Pour Cardiff, Nantes est responsable parce que McKay agissait pour le compte du club français. Le club gallois parle même d’un agent « interdit d’exercice » – une affirmation contestée mais lourde de sens. Nantes, lui, répète que McKay n’a jamais été mandaté officiellement et que le transfert était déjà finalisé quand le vol a été organisé.
« Cette audience marque une nouvelle étape vers la révélation de la vérité sur cette affaire et pour le renforcement de la responsabilité dans le monde du football. »
Communiqué de Cardiff City Football Club
120 millions d’euros : d’où vient ce chiffre vertigineux ?
Cardiff ne réclame pas seulement les 17 millions d’euros du transfert (qu’il a fini par payer après les décisions du TAS et de la FIFA). Le club gallois a mandaté un expert indépendant qui a chiffré le préjudice total à plus de 120 millions d’euros. Comment arrive-t-on à une telle somme ?
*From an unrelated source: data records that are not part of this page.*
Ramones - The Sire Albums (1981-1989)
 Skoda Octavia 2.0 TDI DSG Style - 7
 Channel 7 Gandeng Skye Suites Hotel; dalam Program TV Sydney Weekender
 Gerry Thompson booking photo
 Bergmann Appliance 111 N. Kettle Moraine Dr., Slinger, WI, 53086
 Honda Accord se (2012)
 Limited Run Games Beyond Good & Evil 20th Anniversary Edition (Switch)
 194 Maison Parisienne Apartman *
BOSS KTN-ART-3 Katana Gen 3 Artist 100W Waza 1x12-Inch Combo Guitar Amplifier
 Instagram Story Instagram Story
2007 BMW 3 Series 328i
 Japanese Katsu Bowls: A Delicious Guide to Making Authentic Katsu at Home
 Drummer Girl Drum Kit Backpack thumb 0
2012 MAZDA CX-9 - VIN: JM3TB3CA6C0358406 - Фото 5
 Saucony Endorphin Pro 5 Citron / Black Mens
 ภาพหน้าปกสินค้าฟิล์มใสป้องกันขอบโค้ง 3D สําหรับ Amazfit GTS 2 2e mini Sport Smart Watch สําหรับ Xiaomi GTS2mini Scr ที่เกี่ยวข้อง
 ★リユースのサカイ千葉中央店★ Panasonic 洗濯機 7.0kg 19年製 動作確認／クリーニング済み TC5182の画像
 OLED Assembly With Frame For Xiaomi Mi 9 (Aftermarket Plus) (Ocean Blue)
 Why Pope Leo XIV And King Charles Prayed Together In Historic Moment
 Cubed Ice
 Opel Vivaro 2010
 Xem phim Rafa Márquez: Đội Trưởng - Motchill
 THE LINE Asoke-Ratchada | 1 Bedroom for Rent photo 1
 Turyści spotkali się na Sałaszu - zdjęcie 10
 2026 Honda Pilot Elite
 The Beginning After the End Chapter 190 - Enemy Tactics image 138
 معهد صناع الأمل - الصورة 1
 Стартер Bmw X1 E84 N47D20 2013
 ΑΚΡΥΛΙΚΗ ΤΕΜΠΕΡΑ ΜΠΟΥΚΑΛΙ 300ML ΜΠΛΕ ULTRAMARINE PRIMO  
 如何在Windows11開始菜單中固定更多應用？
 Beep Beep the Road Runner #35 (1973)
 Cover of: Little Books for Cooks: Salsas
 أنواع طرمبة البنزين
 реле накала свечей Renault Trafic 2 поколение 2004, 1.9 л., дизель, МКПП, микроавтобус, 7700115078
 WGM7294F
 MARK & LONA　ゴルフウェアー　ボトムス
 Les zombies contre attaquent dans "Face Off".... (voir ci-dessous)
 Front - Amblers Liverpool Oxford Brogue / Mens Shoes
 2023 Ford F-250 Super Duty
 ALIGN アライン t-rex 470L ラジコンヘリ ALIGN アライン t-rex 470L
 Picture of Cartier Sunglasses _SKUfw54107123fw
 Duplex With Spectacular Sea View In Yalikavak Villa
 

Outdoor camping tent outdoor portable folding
- Perte de revenus de Premier League après la relégation en 2019
- Manque à gagner sur les droits TV sur plusieurs saisons
- Coûts de recrutement pour remplacer un joueur jamais aligné
- Atteinte à l’image et à la réputation du club
- Conséquences sur le merchandising et les partenariats
Pour Cardiff, sans la mort de Sala, le joueur aurait marqué les buts nécessaires pour maintenir le club dans l’élite. Une thèse fragile sportivement, mais défendue bec et ongles sur le plan juridique.
La position du FC Nantes : « Aucune faute, aucun lien, aucun préjudice »
Du côté des Canaris, on reste serein. L’entourage de Waldemar Kita l’affirme : les demandes de Cardiff seront « purement et simplement rejetées ». Le club met en avant les décisions précédentes du TAS (2022) et de la FIFA (2023) qui ont validé le transfert et ordonné le paiement des 11 millions d’euros restants.
Pour Nantes, organiser un vol privé n’entre pas dans ses responsabilités. Le joueur avait signé, le transfert était effectif, point final. Quant à Willie McKay, il n’a jamais eu de mandat officiel du club.
Pourquoi ce procès pourrait faire date dans le football
Au-delà de l’argent, c’est tout un système qui est sur le banc des accusés. Les transferts à plusieurs dizaines de millions, les agents tout-puissants, les vols privés organisés dans l’urgence, les licences douteuses… Ce dossier met en lumière les zones grises du marché des transferts.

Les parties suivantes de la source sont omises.